Les militaires ont essayé de trouver un soutien populaire. Ils ont montré les valises de billets trouvées dans les maisons de la famille Bongo ou chez certains dignitaires du régime. La presse est aussi plus libre, dévoile ce qui jusque-là était caché, et se permet même de critiquer l’ancien régime et ceux qui y participaient. Surtout, les retraites des fonctionnaires sont de nouveau payées, alors que ce n’était plus le cas depuis 2020 et que toutes les réclamations étaient violemment réprimées.
Mais le nouveau régime a aussi vite montré ce qu’il avait en tête.
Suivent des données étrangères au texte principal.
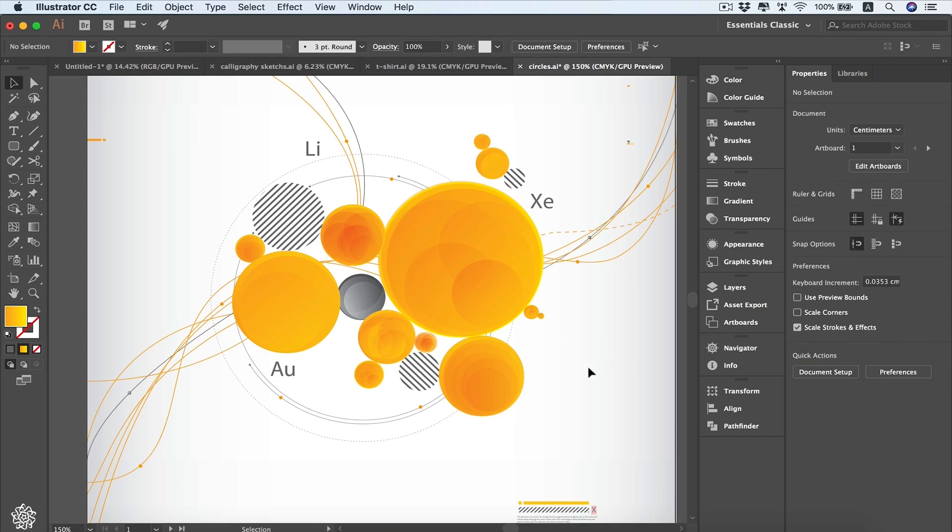So these are the different ways to make selections on your artboard. That was Khalil Ibrahim, and I'll see you in the next lesson.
Ainsi, un décret a interdit à tous les membres du gouvernement dit de transition de se présenter à la future élection présidentielle, sauf au chef de la junte, Brice Oligui Nguema, alors qu’il dirigeait la garde présidentielle de Bongo ! Les militaires ont refusé de donner le pouvoir aux partis de l’opposition à Bongo, comme ceux-ci le demandaient au début du coup d’État. Nguema a rencontré le candidat de l’opposition, Albert Ondo Ossa, sans que leurs tractations soient révélées. Et depuis, ce politicien est devenu bien discret.
Par ailleurs, le chef de la junte a rencontré tous les dignitaires de l’ancien régime pour leur demander des conseils, paraît-il. Cela a été ressenti par beaucoup comme une provocation. Et les militaires n’ont pas entrepris de démarches pour toucher aux nombreux biens de la famille Bongo, en France notamment. D’autant plus que leur chef possède lui-même plusieurs maisons luxueuses aux États-Unis.
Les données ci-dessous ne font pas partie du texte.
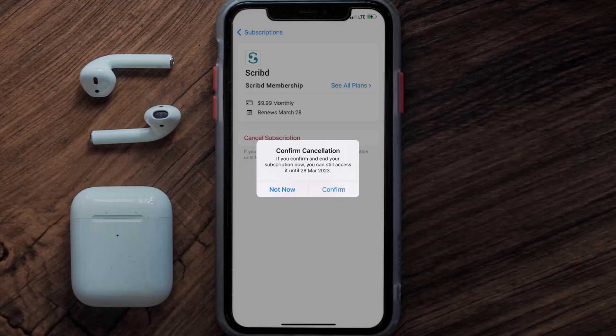And the great thing is, you can carry on using the app until the subscription date was originally due. Also, deleting the Scribd app or your Scribd account will not cancel your subscription, and subscriptions renew automatically unless you cancel your subscription manually on your own.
Surtout, si une grande partie des malversations des Bongo et consorts ont été révélées au grand jour, les militaires se gardent bien de dénoncer la domination de l’impérialisme, français notamment, et les énormes profits de Total dans le pétrole ou d’Eramet dans le manganèse. De nombreuses entreprises françaises continuent de s’enrichir grâce aux contrats très avantageux que la dictature leur avait concédés. L’ambassadeur de France est d’ailleurs le premier reçu par Nguema, qui a aussi eu une entrevue avec le directeur au Gabon du trust Eramet. Cela explique certainement le silence du gouvernement français sur ce coup d’État, les intérêts des capitalistes français sont toujours bien protégés.
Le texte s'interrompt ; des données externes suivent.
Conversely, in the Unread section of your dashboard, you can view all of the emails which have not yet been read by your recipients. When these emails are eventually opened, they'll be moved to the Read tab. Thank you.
Si, en général, la population est satisfaite d’être débarrassée de la dictature de Bongo, elle n’a pas vraiment d’illusions sur les militaires au pouvoir. D’ailleurs, la presse gabonaise a rapporté des grèves contre les conditions de travail. La seule perspective pour que les choses changent réellement, ce serait que la classe ouvrière, importante au Gabon, notamment dans les mines, intervienne pour prendre son sort en main. Il n’y a en effet rien à attendre des chefs militaires, formés à la répression des révoltes populaires, et pas davantage des politiciens de l’opposition, qui ne rêvent que d’arriver au pouvoir pour s’enrichir en maintenant la population dans la misère.